The HFMA has been a vocal supporter of improved costing for many years and has overseen the development of the Clinical costing standards since 2010. Helen Strain, HFMA’s head of costing (pictured), welcomed Monitor’s new roadmap, calling it a ‘significant landmark’ in the journey to robust cost data in the NHS.

‘Many providers are already producing costs at the patient level to a good standard, providing a sound basis for local decision-making,’ she says. ‘The granularity of this data means it is possible to really understand how costs and outcomes interact and means discussions to improve services can be based around patients rather than average treatment costs.

‘This is far more meaningful to clinicians. What the proposed Monitor approach will give us – because it is mandatory – is a consistent approach across all providers. Only by having this consistency can the NHS access the wider benefits of benchmarking and more informed price setting.

‘The HFMA has been a committed supporter of improved costing – and specifically of costing at the patient-level – and a mandatory basis is the only way we will see these benefits realised at pace. Having said that, the timetable is ambitious – moving to a first mandatory costing return within five years for the acute sector.
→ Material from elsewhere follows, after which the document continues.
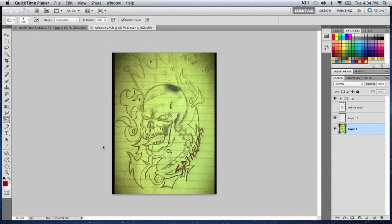Hey YouTube, today I'm gonna show you how to use the pen tool in Photoshop. There's been a question that I got from one of my followers: how do I get my straight lines?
‘While the process described by Monitor builds on the approach described in the HFMA Clinical costing standards, it also sets out a slightly revised cost compilation process, tracking expenditure from the ledger via standardised resource types and standardised patient activities. This will provide challenges for some providers and for their costing system suppliers.

‘There will need to be investment in system development, in costing teams and in improving the underlying information that supports costing – albeit investment that should pay off in terms of more robust cost data for pricing and to inform transformation and service improvement.

‘This is not just about investing in a costing system but committing as an organisation to time and resources to produce valuable, robust cost data.

‘The scale of challenge will be different depending on the starting place of the providers in terms of their current costing approach and system. The more advanced patient costers should be able to meet the proposed approach with relative ease, but for others, there will be significant changes to local processes and IT systems.

‘And the challenge will almost certainly be greater for mental health and community providers, where costing is known to be less well developed and there are more fundamental challenges with ensuring the activity data is collected in a consistent and comprehensive way.

‘There will also be challenges centrally in delivering the detailed guidance and dictionaries crucial to getting the tightly defined consistency. These will need to be developed in a timely way to keep the project on track.’